Overall, generalization across different age groups and developmental stages are difficult or even impossible, particularly when considering a technology-based treatment method such as VR. For example, St-Jacques et al. [23] recorded adverse effects which had not previously been observed in adult samples using VR. Some of their participants reported they were afraid of the virtual environment and feared getting “stuck in the headset”, a finding which the authors discuss to be possibly related to the fact that children—due to their still developing ability to think abstractly—may not reflect in the same way on VR as adults who may more readily arrive at the estimation that virtual stimuli are less threatening than their in vivo counterpart. Furthermore, children’s motivation to use VR (see St-Jacques et al. [23]) may differ substantially from the motivation observed in adults, who have generally been found to be more willing to choose exposure to virtual stimuli over in vivo exposure [9]. Also, negative effects of VRET such as cybersickness may show age-related patterns. For instance, it has previously been observed that older adults suffer from more severe cybersickness symptoms than younger users of VR [2].

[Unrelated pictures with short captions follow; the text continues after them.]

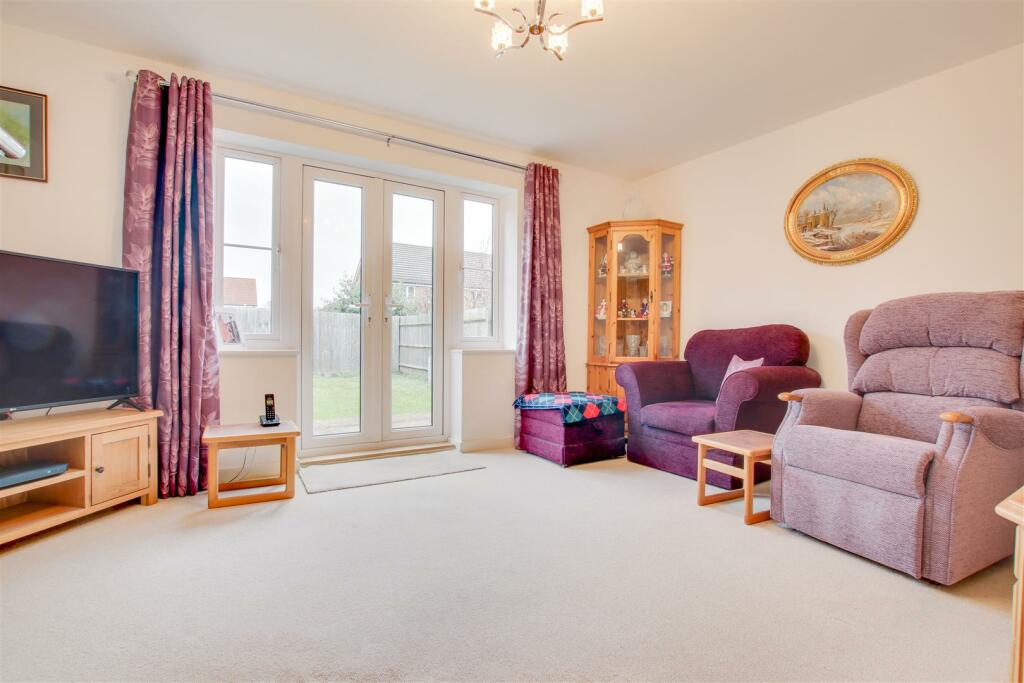3 bedroom end of terrace house for sale in Aldermere Avenue, Cheshunt, EN8
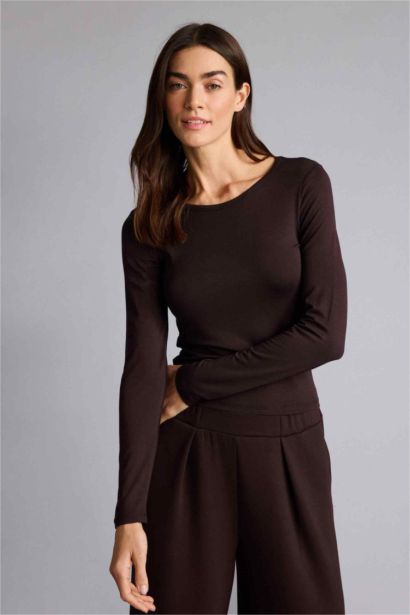 بلوزة بيزك سادة كم طويل رقبة مستديرة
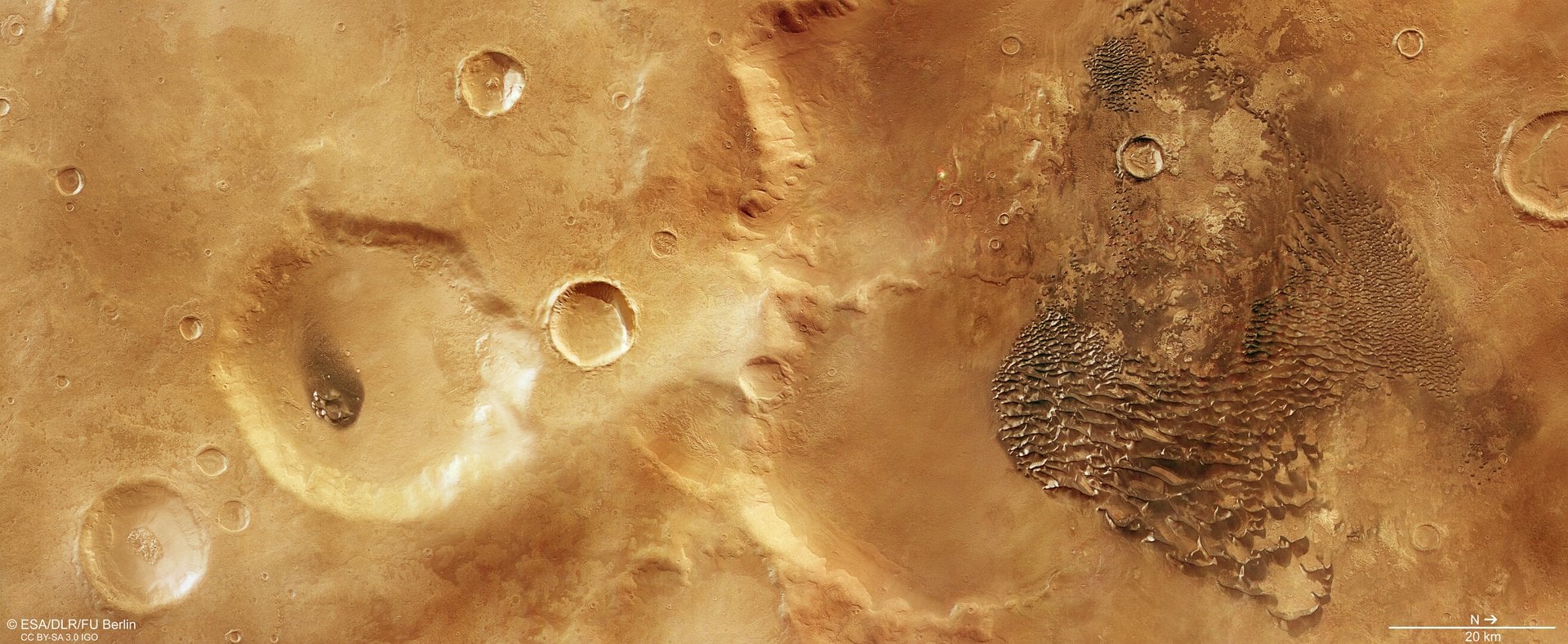 «Mars Express зафиксировал ‘металлические’ волны, катящиеся по древнему кратеру Марса»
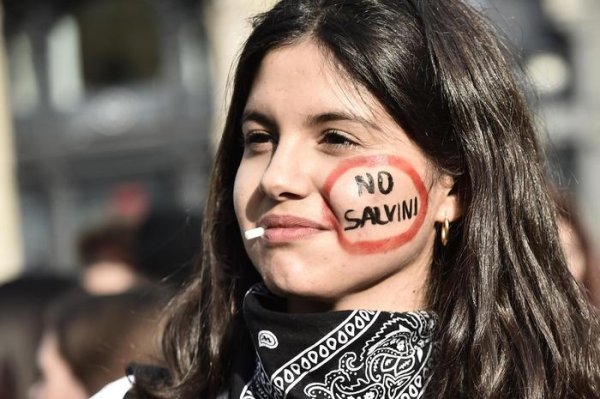 Italie. 100 000 étudiants manifestent contre Salvini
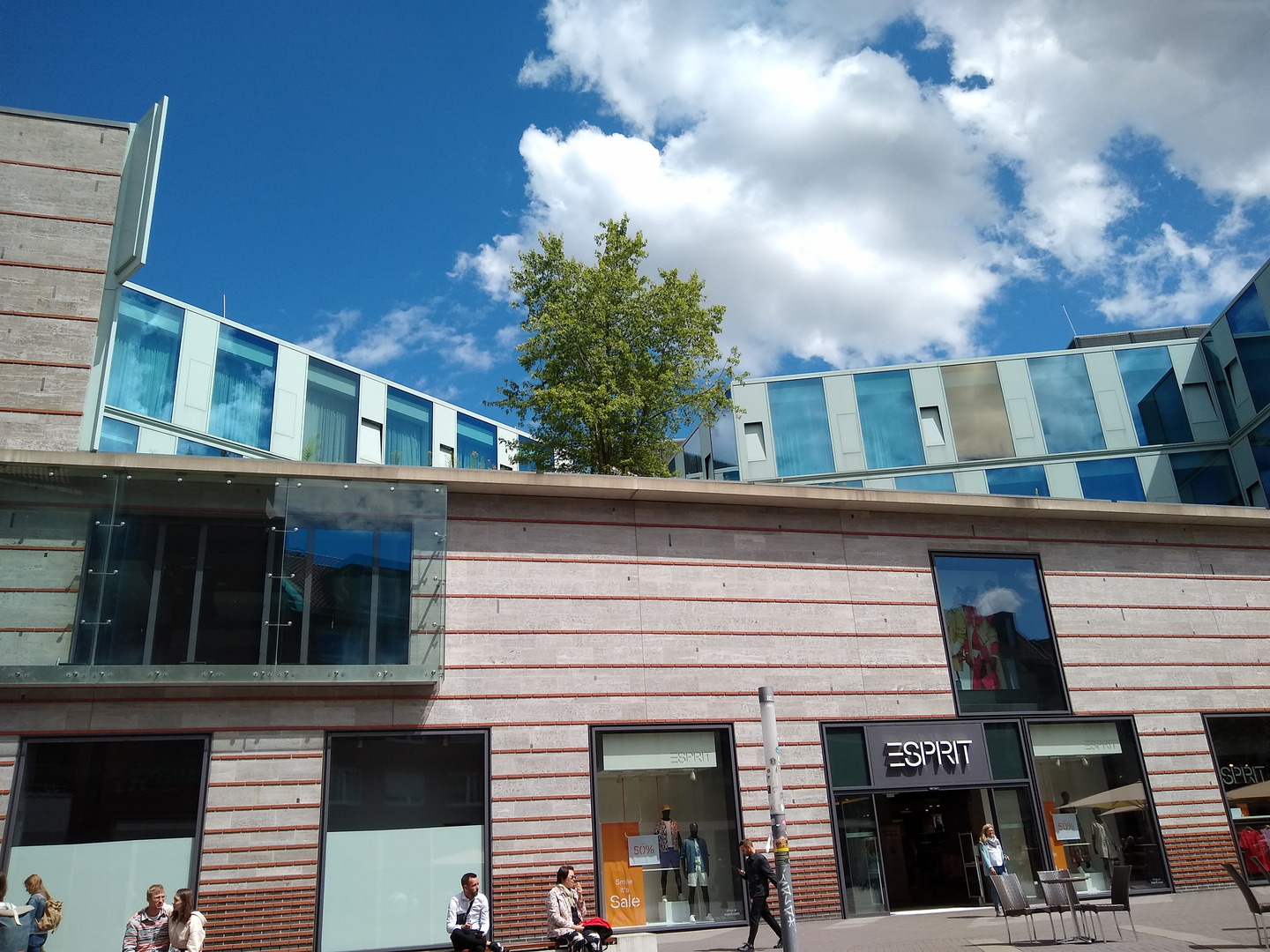 Shopping, Hotel, Baum, blauer Himmel, Street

In sum, however, additional evidence is needed to learn more about specific needs and problems with VRET in children and adolescents. Especially, motivational factors should be reflected with great care and put in relation with developmental stages as well as according cognitive capacities (e.g., Piaget [20]). Therefore, age-specific effects regarding a potential selective efficacy—particularly in younger cohorts—need to be investigated in future studies (Servera et al. [21]).

Generally, the potential of VR in treating children and adolescents with anxiety disorders is contrasted by a considerable lack of RCTs. Results of the current review suggest a potential benefit of using VRET in younger cohorts and clearly call for more evidence to support this promising field of application.